** Problem description **
Give the number of lines in the material below that include "patients", and write nothing else.

Dataset records section start

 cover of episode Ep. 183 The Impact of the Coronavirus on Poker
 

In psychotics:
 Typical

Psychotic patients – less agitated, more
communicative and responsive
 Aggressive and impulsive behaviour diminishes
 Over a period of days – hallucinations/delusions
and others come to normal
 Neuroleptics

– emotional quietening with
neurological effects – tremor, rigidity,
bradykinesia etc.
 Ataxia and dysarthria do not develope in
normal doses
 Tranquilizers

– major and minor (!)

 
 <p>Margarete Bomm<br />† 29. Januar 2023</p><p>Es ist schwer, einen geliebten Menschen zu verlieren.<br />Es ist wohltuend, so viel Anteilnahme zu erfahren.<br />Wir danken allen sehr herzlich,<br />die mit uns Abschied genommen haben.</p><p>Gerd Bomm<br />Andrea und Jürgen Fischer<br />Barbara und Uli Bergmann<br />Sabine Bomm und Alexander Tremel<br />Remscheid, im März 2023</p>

Dataset records section end
Dataset records section start

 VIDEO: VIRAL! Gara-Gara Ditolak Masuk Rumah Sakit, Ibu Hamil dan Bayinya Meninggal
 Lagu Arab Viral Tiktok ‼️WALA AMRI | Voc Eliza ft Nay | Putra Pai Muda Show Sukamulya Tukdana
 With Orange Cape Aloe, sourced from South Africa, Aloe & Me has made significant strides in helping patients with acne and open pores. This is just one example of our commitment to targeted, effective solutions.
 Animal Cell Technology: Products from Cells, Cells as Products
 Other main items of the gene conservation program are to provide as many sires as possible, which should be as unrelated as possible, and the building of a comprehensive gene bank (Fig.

Dataset records section end
Dataset records section start

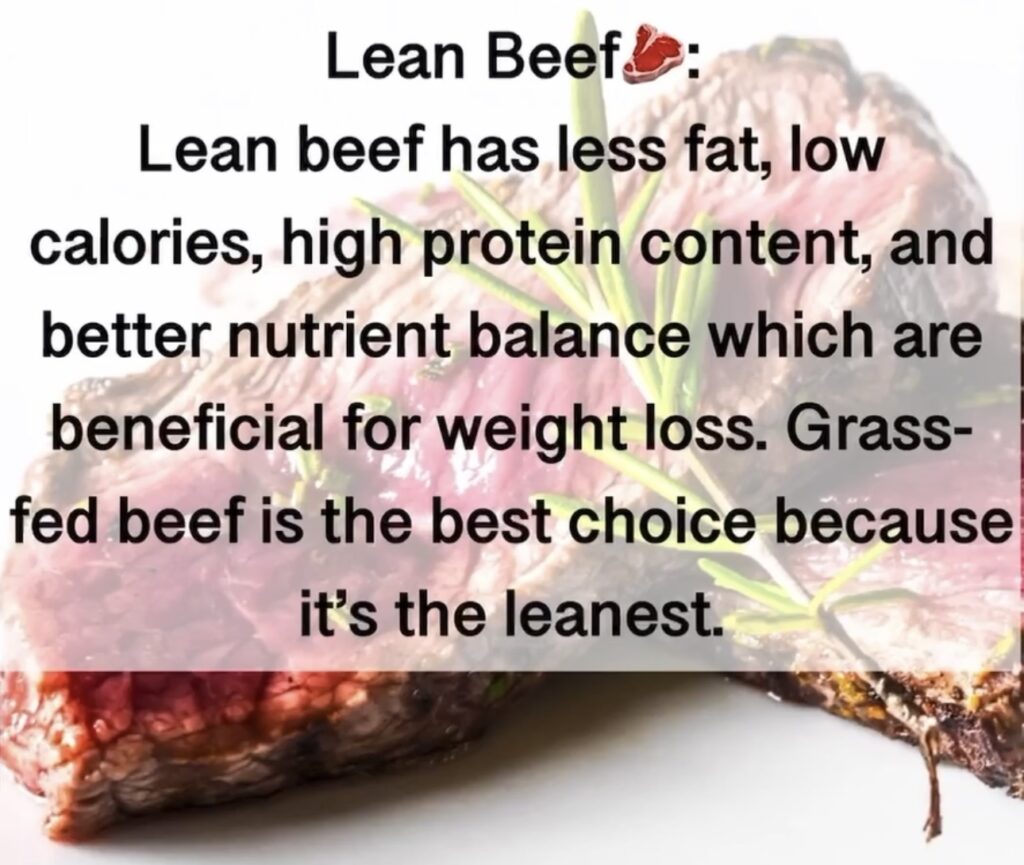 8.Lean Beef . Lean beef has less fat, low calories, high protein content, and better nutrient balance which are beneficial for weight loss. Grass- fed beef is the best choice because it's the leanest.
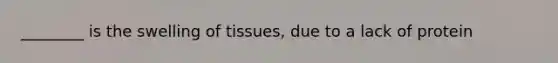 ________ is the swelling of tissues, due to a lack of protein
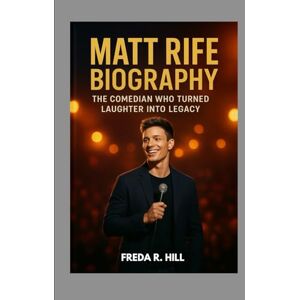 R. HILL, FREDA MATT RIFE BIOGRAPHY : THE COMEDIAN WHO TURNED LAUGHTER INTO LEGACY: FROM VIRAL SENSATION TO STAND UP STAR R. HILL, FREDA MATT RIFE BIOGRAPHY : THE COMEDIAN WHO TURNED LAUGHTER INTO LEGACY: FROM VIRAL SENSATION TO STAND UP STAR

Dataset records section end

** Solution to the problem **
2